ACTION ITEM:
Leave the images behind and copy every record exactly.

Items from a data source
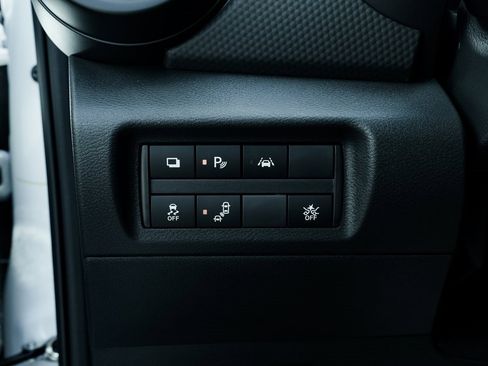 New 2025 Nissan Kicks Play S image 18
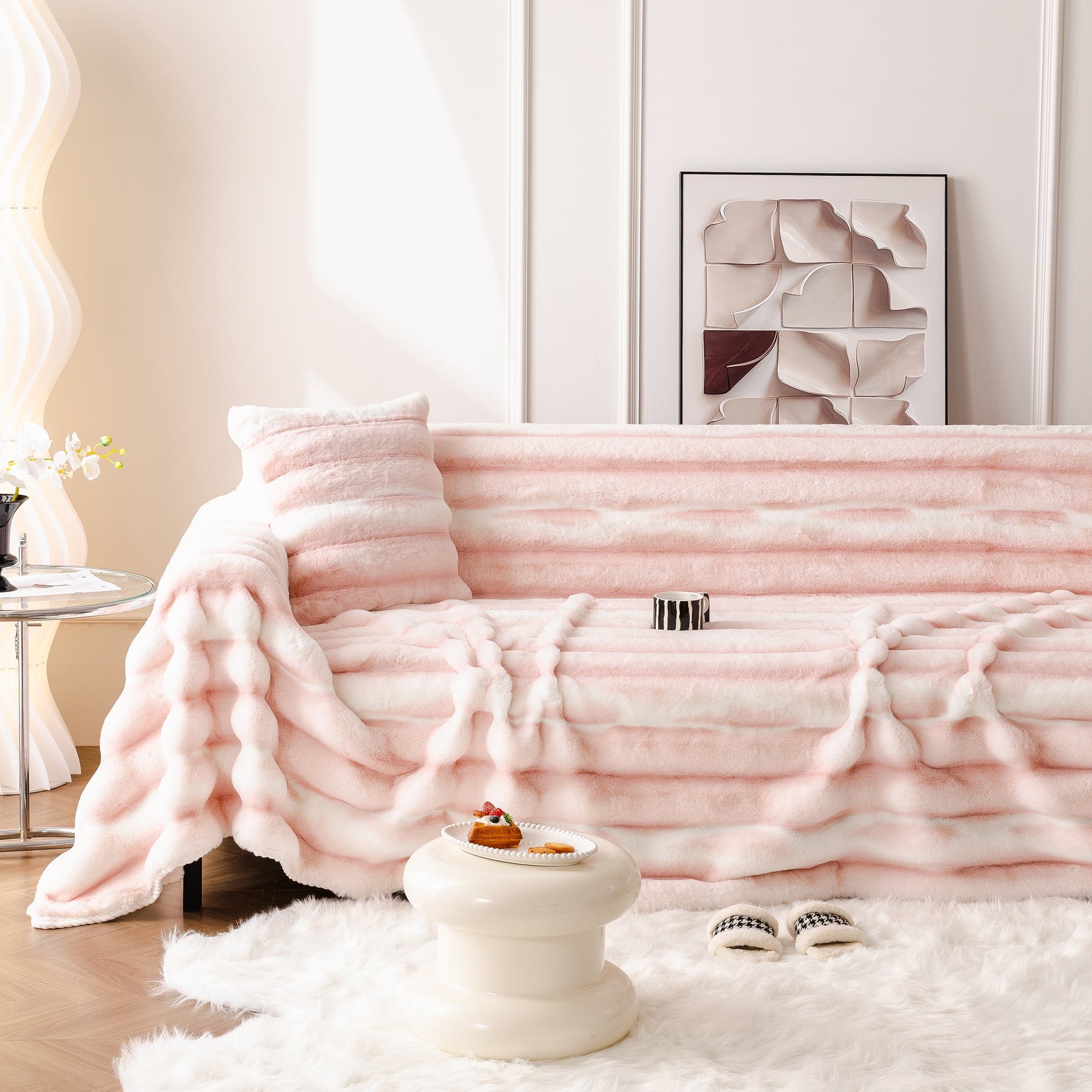 Ultra Soft Faux Fur Couch Cover – Large, Fluffy, and Elegant Sofa Throw Blanket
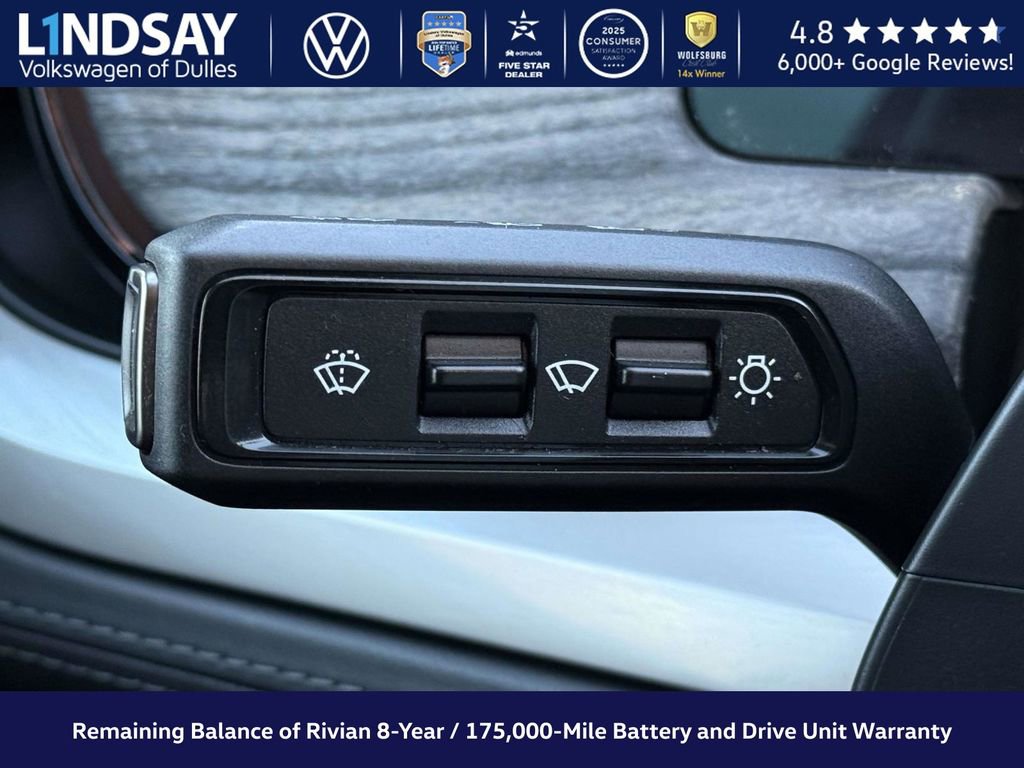 Used 2022 Rivian R1T Adventure image 24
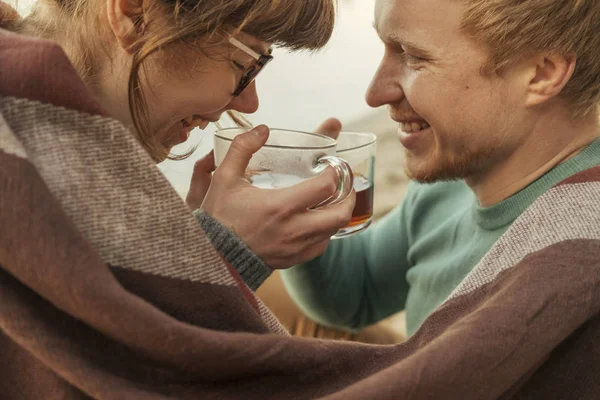 Bir da rahat kıyafetli erkek ve kadın Sevimli kırmızı saçlı çift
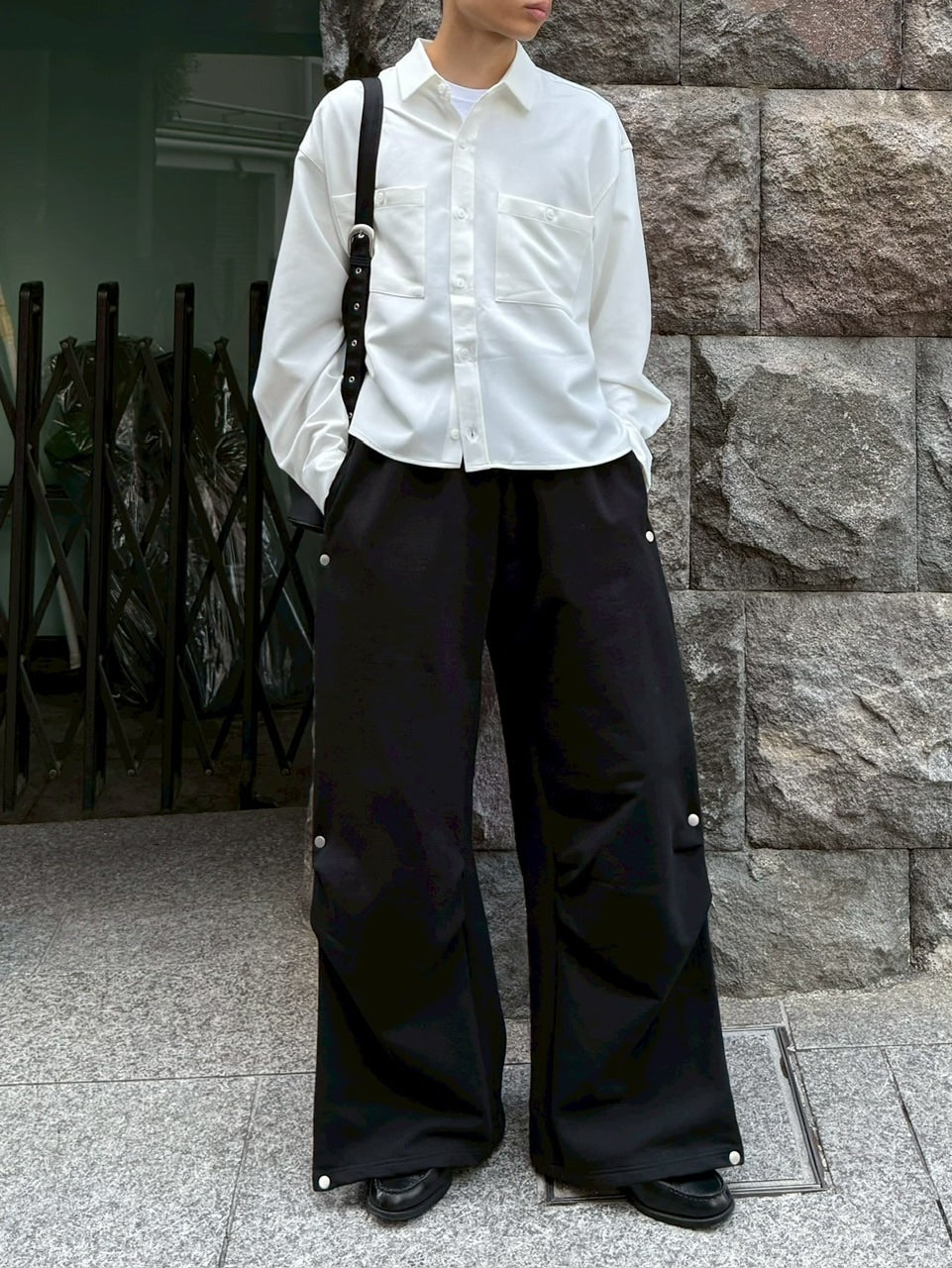 受注制【Chikashitsu +】cropped long sleeve shirt (3color)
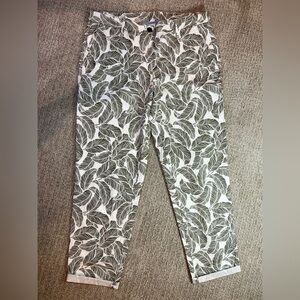 Talbots relaxed chino ankle pants, women’s sz 8, palm leaves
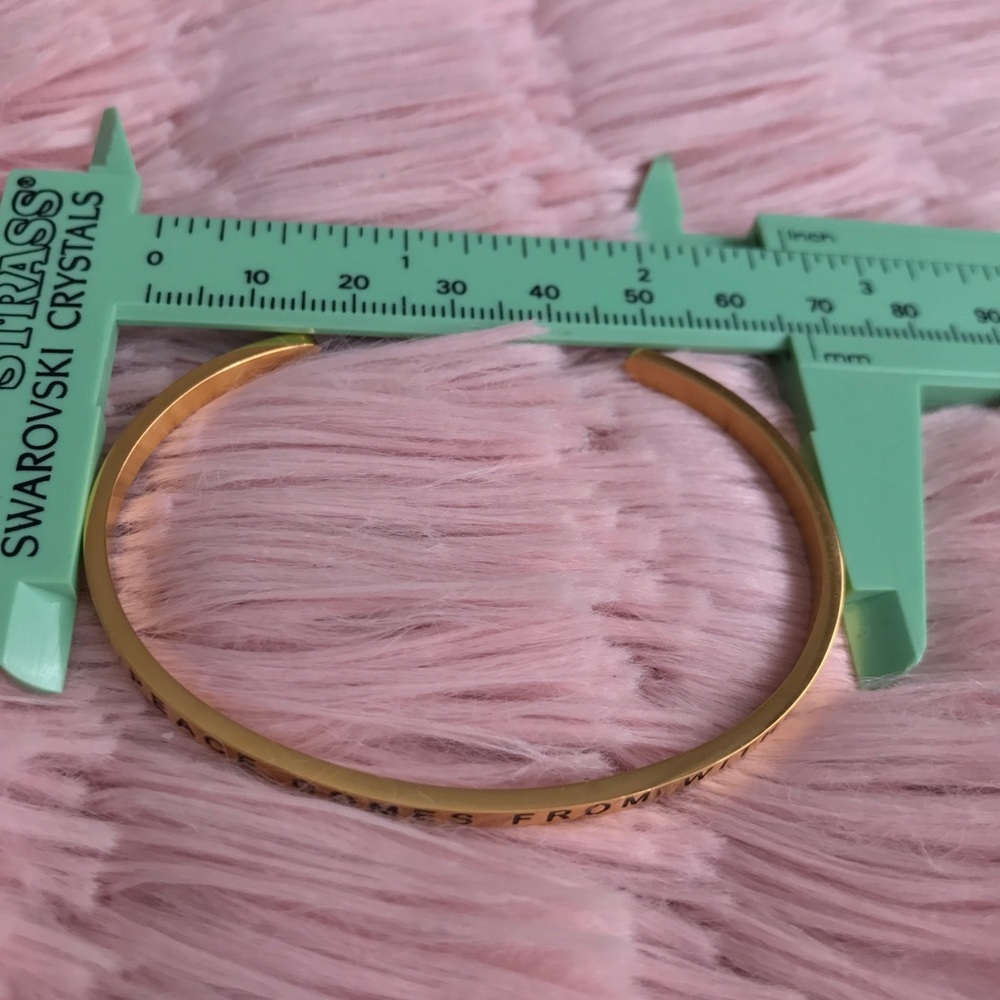 Beautiful Set Three Tone Bangles🎀 - Picture 4 of 8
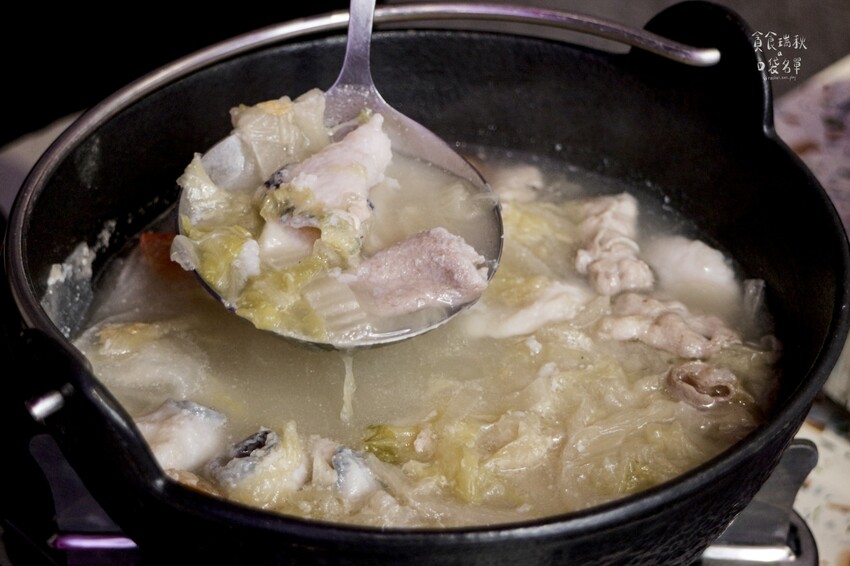 台中西屯｜湯鮮味美的酸菜魚~全新升級自助吧吃到飽！超過50種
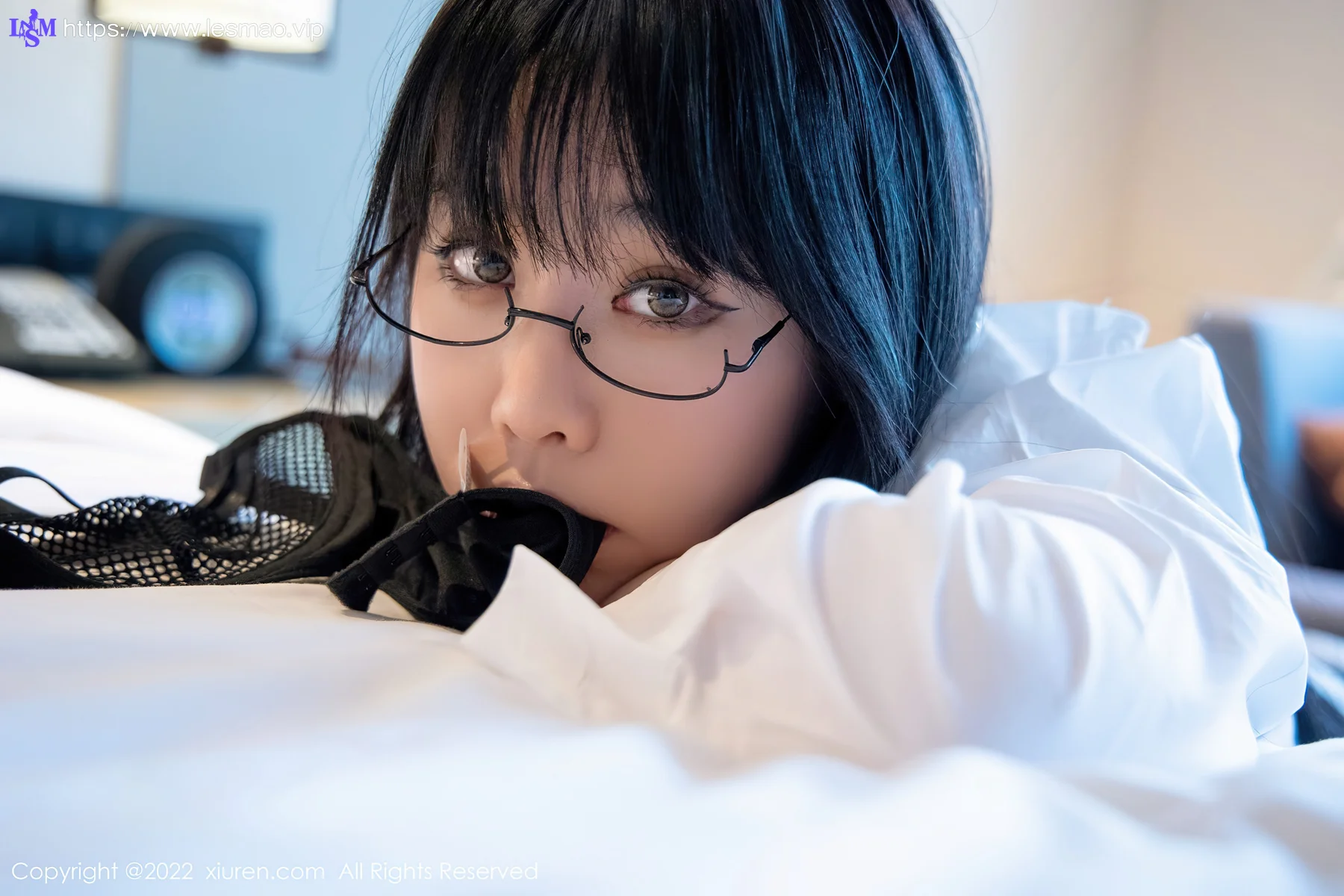 XiuRen 秀人 No.4894 网格内衣 徐媛媛 性感写真 - 46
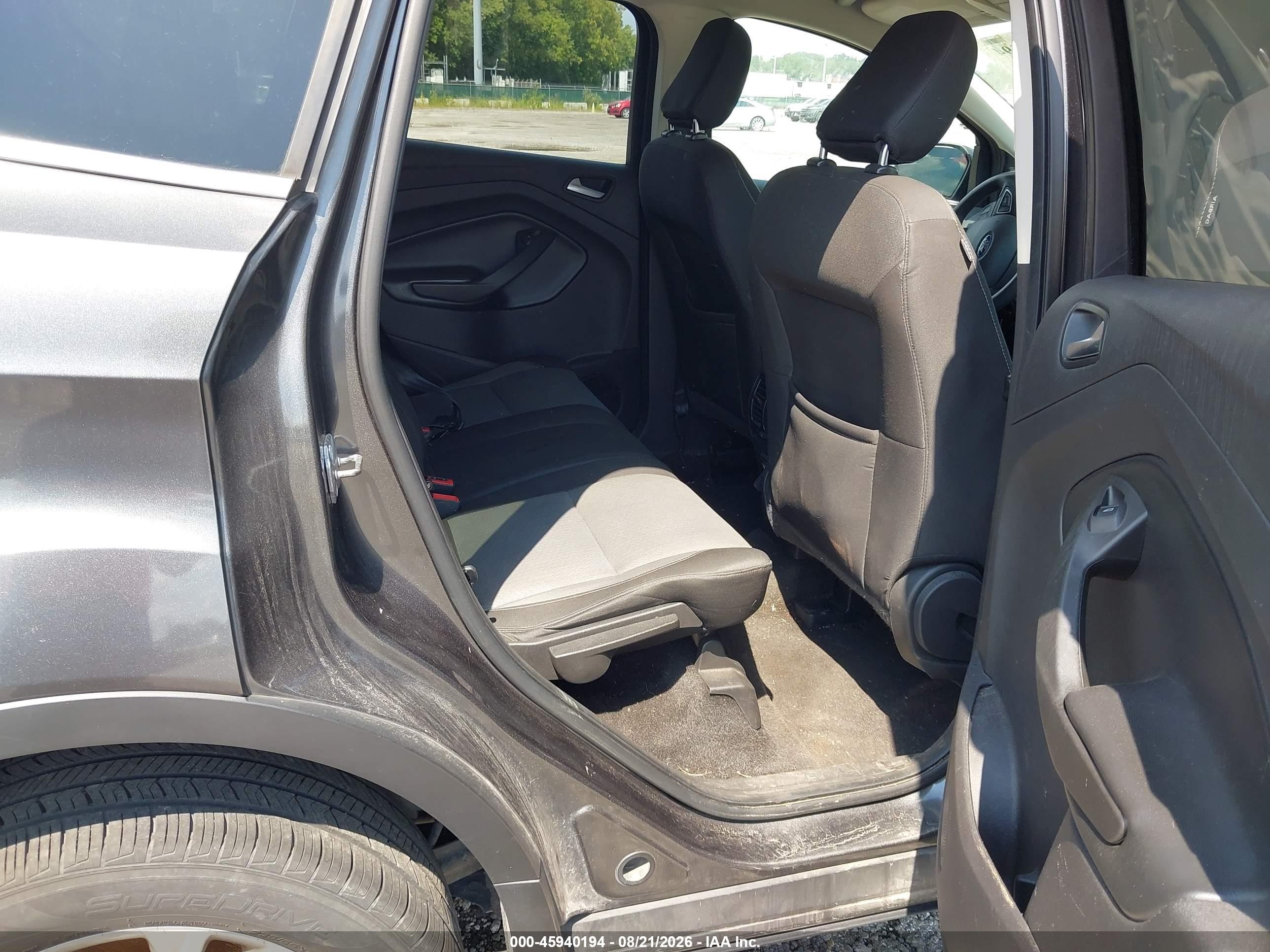 2018 Ford Escape Se Gray vin: 1FMCU0GD4JUA43496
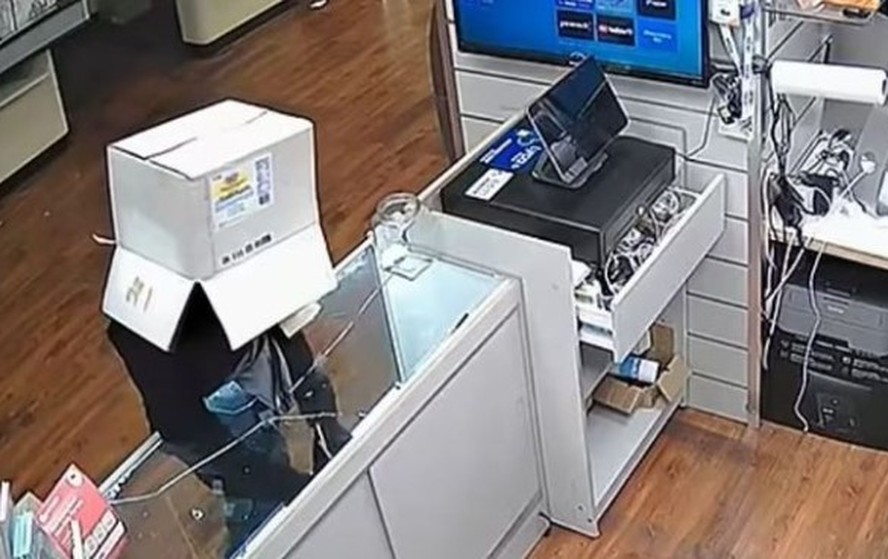 Ladrão esconde o rosto em caixa de papelão para roubar 19 iPhones e US$ 8 mil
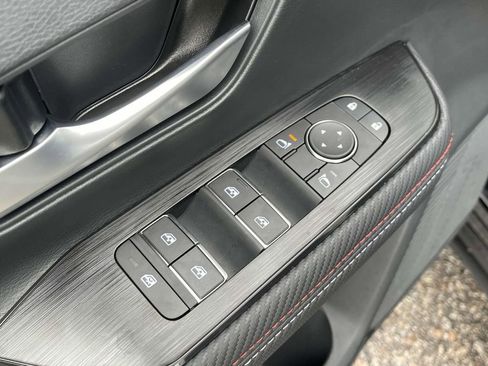 New 2025 Nissan Kicks SR w/ SR Premium Package image 15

WRITTEN RESPONSE:
 New 2025 Nissan Kicks Play S image 18
 Ultra Soft Faux Fur Couch Cover – Large, Fluffy, and Elegant Sofa Throw Blanket
 Used 2022 Rivian R1T Adventure image 24
 Bir da rahat kıyafetli erkek ve kadın Sevimli kırmızı saçlı çift
 受注制【Chikashitsu +】cropped long sleeve shirt (3color)
 Talbots relaxed chino ankle pants, women’s sz 8, palm leaves
 Beautiful Set Three Tone Bangles🎀 - Picture 4 of 8
 台中西屯｜湯鮮味美的酸菜魚~全新升級自助吧吃到飽！超過50種
 XiuRen 秀人 No.4894 网格内衣 徐媛媛 性感写真 - 46
 2018 Ford Escape Se Gray vin: 1FMCU0GD4JUA43496
 Ladrão esconde o rosto em caixa de papelão para roubar 19 iPhones e US$ 8 mil
 New 2025 Nissan Kicks SR w/ SR Premium Package image 15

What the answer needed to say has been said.